There is precisely zero experimental reported measures for any ” light ” stimulated by EM radiation outside that single octave. And it is entirely a response that takes place inside the retina of the HUMAN eye. there are NO definitions or data on the photometric response of the eyes of giant Squid, or any other critter, whether animal, or vegetable or even mineral, some of which DO respond to EM radiant ENERGY.
It’s no wonder that we have so many idiots rioting in the streets over weather or climate issues, about which they no absolutely nothing. It seems that they just don’t teach elementary science in schools any more.
G

george e. smith
Reply to  Scott Wilmot Bennett
May 1, 2017 1:20 pm

Actually Einstein’s discovery was that the emission (or not) of a photo-electron from a metal or semi-metal was quite independent of the intensity of the radiation, and entirely dependent on the wavelength (frequency) of the radiation. If the wavelength of the radiation was short enough (higher frequency), the emission of a photo-electron was virtually instantaneous; NO MATTER how low the Radiant Intensity of the radiation was.
Classical Herz / Maxwell EM wave theory, opined that at low radiant intensities, it would take a long time to accumulate enough energy from the wave to eject an electron. Experiments showed that was not so, and Einstein reasoned that the energy must be in packets with energy depending on the frequency.

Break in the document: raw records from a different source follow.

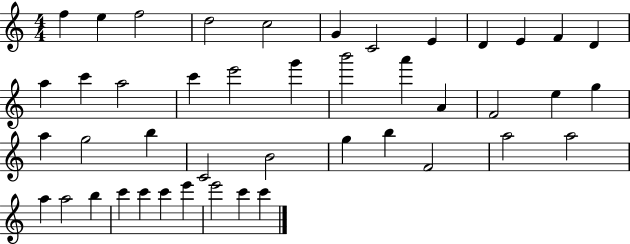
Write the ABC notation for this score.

X:1
T:Untitled
M:4/4
L:1/4
K:C
f e f2 d2 c2 G C2 E D E F D a c' a2 c' e'2 g' b'2 a' A F2 e g a g2 b C2 B2 g b F2 a2 a2 a a2 b c' c' c' e' e'2 c' c'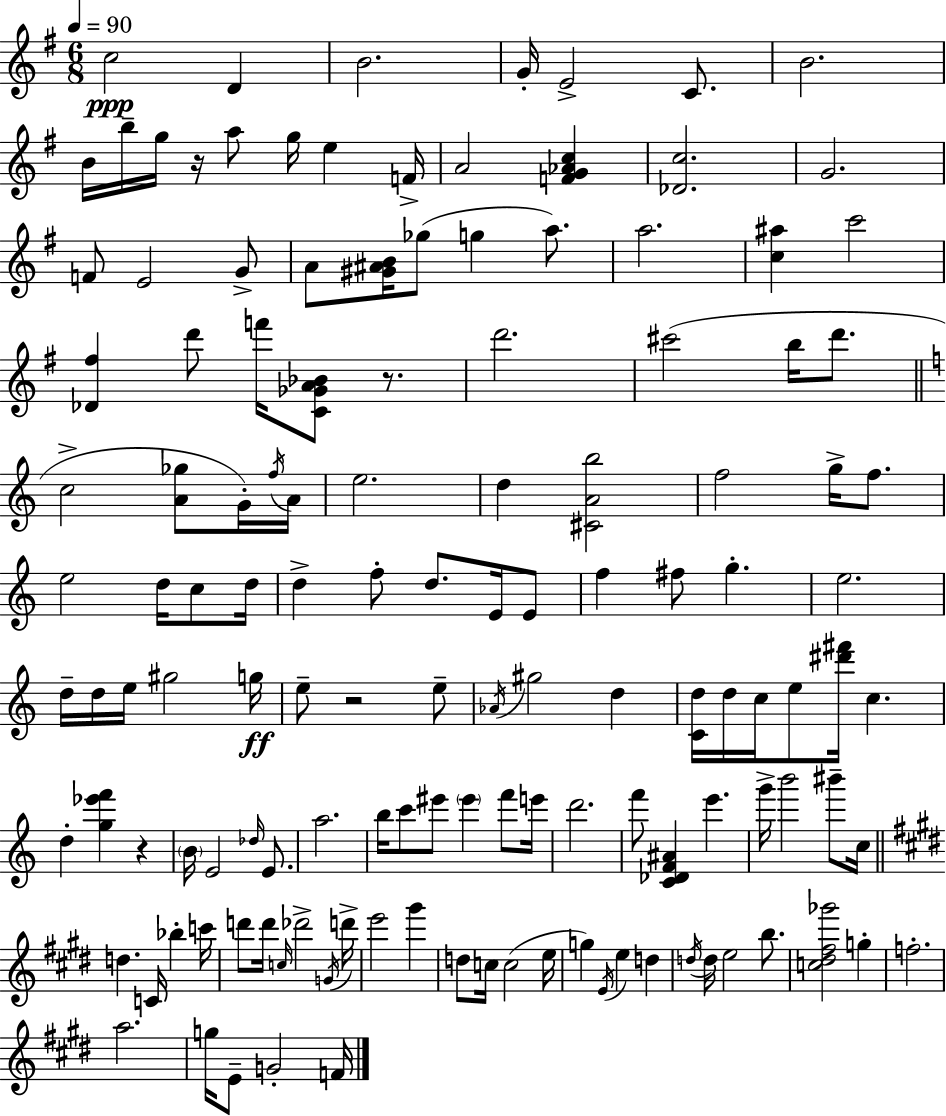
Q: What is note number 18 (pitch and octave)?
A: E4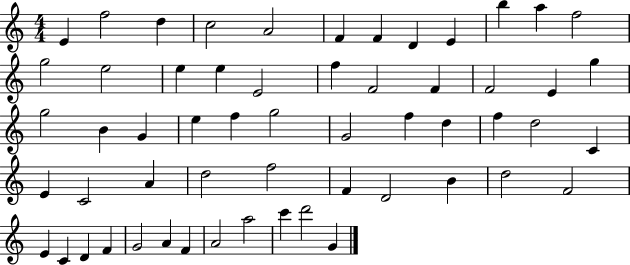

So far as I know, there are NO peer reviewed papers by Albert Einstein relating to the psycho-physical properties of the human eye; nor did he do any experimental research on that subject.
But I don’t give a rip about your opinion. If even one reader is helped learn something from my posts, It is worth my time.
I would almost venture a guess that you are equally ignorant of the researches of G.S. Ohm.
I know for a fact that my own Alma Mater still teaches Ohm’s Law incorrectly; because they told me that was so. Fortunately, I went to a good high school so I learned Ohm’s Law in my first year in high school. And it is still one of the questions I would ask any candidate, I was interviewing for a job involving electronics. I’ve had at least one Stanford PhD fail on that question.
But I guess he wasn’t a smart ass like me.